Dear Beloved Community at St. Stephen’s Lutheran Church,
Not too long ago we received the ashes of previous palm crosses on our foreheads in the shape of the cross, with the words: “Remember that you are dust, and to dust you shall return”.
It turns out that was not just the standard ritual that we go through each year to begin the season of Lent. In these last few weeks the meaning of what we did on Ash Wednesday has become a very important spiritual preparation for the unprecedented matters we are all being affected by now. When we face our human limitations during Lent specifically, and throughout our lives as Christians, we are more understanding and able to live well through difficult times like these and the many others that inevitably come.
This is especially true when we know that those ashes mean that our true faith is not placed in anything other than the love of God, and God’s hope for the ongoing healing of all creation, which we celebrate in the high point of the Christian year – Easter.
It certainly is harder to celebrate that when we can’t gather like we are used to, but we can still gather our spirits in other ways like sharing this email and praying after we read it. We will also be given the opportunity to experience our weekly Sunday worship in a different way too. We are working on a way to both offer a live-stream link to Sunday morning worship that I and Gary Roberts, our musician will lead at a time TBD (once we are sure it will work), and by visiting our website and viewing a recording of our Sunday worship. The bulletin will be emailed out so you can print it and participate along with the service. Please watch for another email tomorrow or Saturday with the final details.

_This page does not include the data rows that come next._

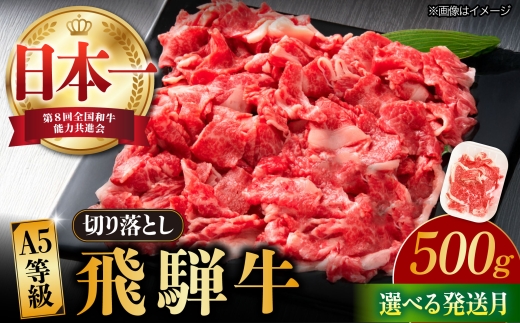 【11月発送】【飛騨牛】 切り落とし 500g 和牛 ブランド牛 国産 牛肉 多治見市 / 渡辺精肉店 [TAZ004-11] 2375071 - 岐阜県多治見市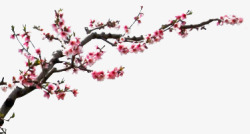 手绘桃花花朵花树装饰素材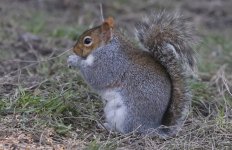 Z Grey Squirrel 001.jpg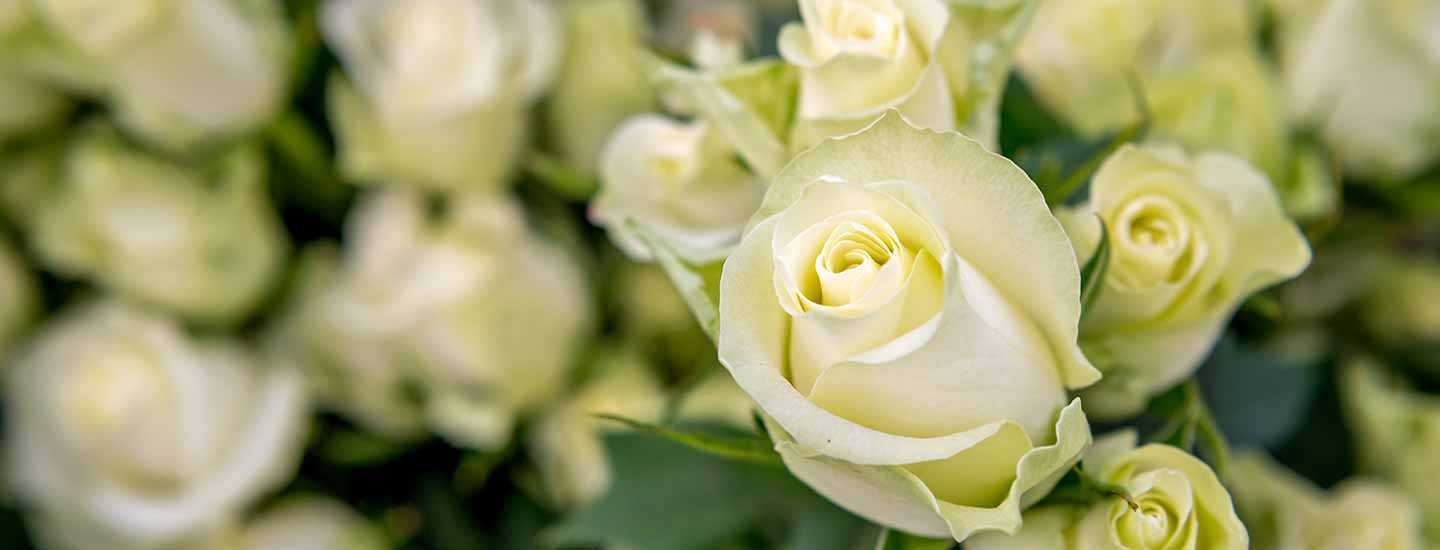Image of white roses at Fairtrade flower farm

In the meantime, here are the upcoming scripture readings for Sunday so you can have the Word of God planted in your life before we share them on Sunday. Hey! What a concept! We can open our Bibles and read from them, rather than relying upon the Celebrate insert! My comments are a result of our weekly Pastor’s Text Study where several Lutheran and Episcopal pastors gather and rotate leadership of the study, so that we can come to a deeper and more scholarly understanding of what we will be preaching on for the coming Sunday.
First Reading: 1 Samuel 16: 1-13 (Pay attention to the theme of anointing here and in John and what it means as a new way of being able to see. Also the idea of speaking the truth in a difficult situation or when it may not be welcome. Also the way God chooses leaders that people don’t expect, but have the underlying characteristics that God hopes people to have.)
Psalm: Psalm 23 (This is chosen to be read in Lent for its “death and resurrection” themes that play out most dramatically in the approaching Holy Week. Pay attention to what the verse “for you are with me” means to you in these times. This is a theme of this years gospel, Matthew, as well as the Lenten gospels in John that we have this year. Again the image of anointing in the ancient world had power for the direction and care of their lives – how can this happen to day for you? Also, God “Makes” the psalmist lie down in green pastures. How can you surrender to God’s moving in your life in a way that is more directive and intentional, instead of always giving in to what we think we should do and how we should live? Also, sometimes life presents situations that are beyond our control and the message in this psalm can be a comforting one when that happens. Look for ways that you can “revive your soul” in these anxious times.)
Second Reading: Ephesians 5: 8-14 (Light is used as a metaphor for a growing understanding and awareness of who Jesus is and what his message and purpose is. The context for this passage is that it is addressing the cultural battles of the day. Sound familiar? There were very diverse communities coming together in the early Christian church and sometimes that presented problems for how they were supposed to make decisions together and what they were supposed to believe when they disagreed. What are the ways we can bring this Christian heritage and message to the cultural battles of our time?)
Gospel: John 9:1-41 (In John, sin is not really about the moral failing we often equate it with in our present day understanding. Instead, sin is really more about not being in relationship with God and receiving God’s Word as Jesus offers it. Pay attention to how Jesus corrects the wrong thinking that somehow suffering is deserved because of sin. This is an old tactic that is still heavily used today in the more fundamentalist / televangelist preaching known as the “Prosperity Gospel”, which claims that people just need to live a certain way in order to gain God’s approval and thus enjoy more material blessings. Jesus himself refutes this twisted form of belief in God. Also the theme of washing as a way to healing is a powerful baptismal reminder, which Lent is a traditional time of preparation for.)